Northern Illinois Fishing Report – August 21st, 2015
Lake Michigan: Yellow perch are spotty. Northeast winds and thunderstorms have affected the perch fishing. If summertime weather holds up, perch should be hitting both for boaters and shore fishermen. Chinook are very deep. Fishermen are going to the north and south reefs. North reef is better, fishing in 175 to 220 feet of water. Bigger kings and lakers are there. On the south end, spotty reports of perch, with the fish moving in and out of the harbors. Minnows and softshells are working when the fish are cooperating.
Chain: Most reports have shown that the fish have pushed into the deeper basins as the water has warmed up. Channel cats are hitting nightcrawlers as well as cut shad. Crappies have been suspending over the deep water, and small crankbaits or minnows under slip floats are doing well. Largemouths are being found in their usual spots and fishing frogs over the heavy weeds in the evening has been a great way to find them. Muskie action is slow and the northern lakes are your best bet. Trolling large crankbaits along the breaklines has been the choice of many fishermen.
Braidwood: The catfish bite is really hot and heavy. Both shore and boat fishermen have been showing good catches of fish; however, the overall size is small. Cut bait as well as stinkbait have done well for the smaller cats, but larger baits are key to the larger cats. The panfish bite is good, but the size of fish is small. Bass are being found with spinnerbaits and crankbaits near the secondary drop-offs.

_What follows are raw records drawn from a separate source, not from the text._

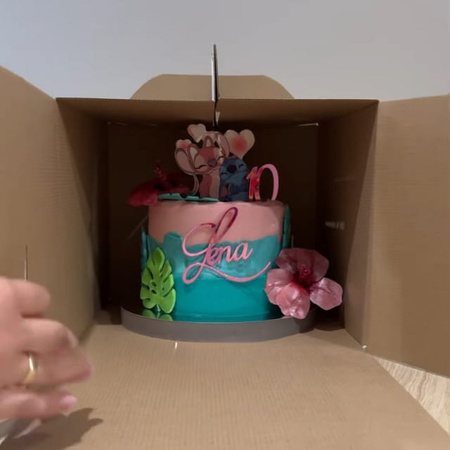 Mocne pudełko na tort 28x28x25 cm z rączką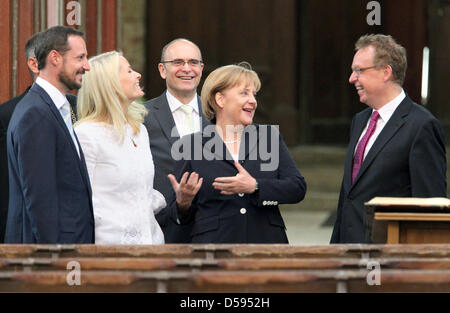 Pastor Hanns-Peter Neumann (R) erklärt die Sehenswürdigkeiten Norwegens Kronprinz Haakon, seine Frau, Kronprinzessin Mette-Marit, Gouverneur von Mecklenburg-Vorpommern, Erwin Sellering und deutsche Bundeskanzlerin Angela Merkel (L-R) bei einem Besuch in der Kirche St. Nicolai in Stralsund, Deutschland, 12. Juni 2010. Norwegens Thronfolger und seine Frau kamen auf Einladung der Bundeskanzlerin Merkel ich Stockfoto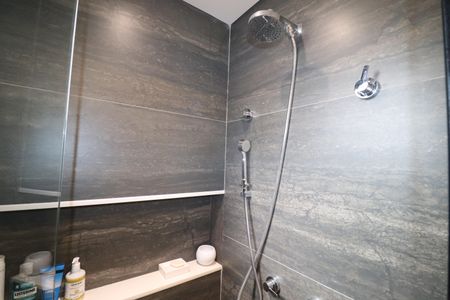 Apartamento à venda com 105m², 2 quartos e 2 vagasBanheiro Quarto 2 suíte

Heidecke Lake: The walleye bite is day to day, but the best bite has been trolling shad raps or nightcrawler harnesses. It really hasn’t mattered if you are on the north or south side, both sides are producing nice fish when you can find them. The stripers are also being caught trolling minnowbaits or by shore fishermen fishing chicken livers on the bottom. The bass bite, both large and smallmouth, has been really slow. Fish a Carolina-rigged finesse worm parallel to shore fishing the transition of the rock to mud bottom. The fish are using this structure as a place to ambush prey. There have been several reports of good muskies caught on the lake. These fish are really starting to show up in good numbers and smaller twitchbaits are the key to catching them. The north side has been producing a bit better than the south, but it is just good to see these fish starting to show up in numbers.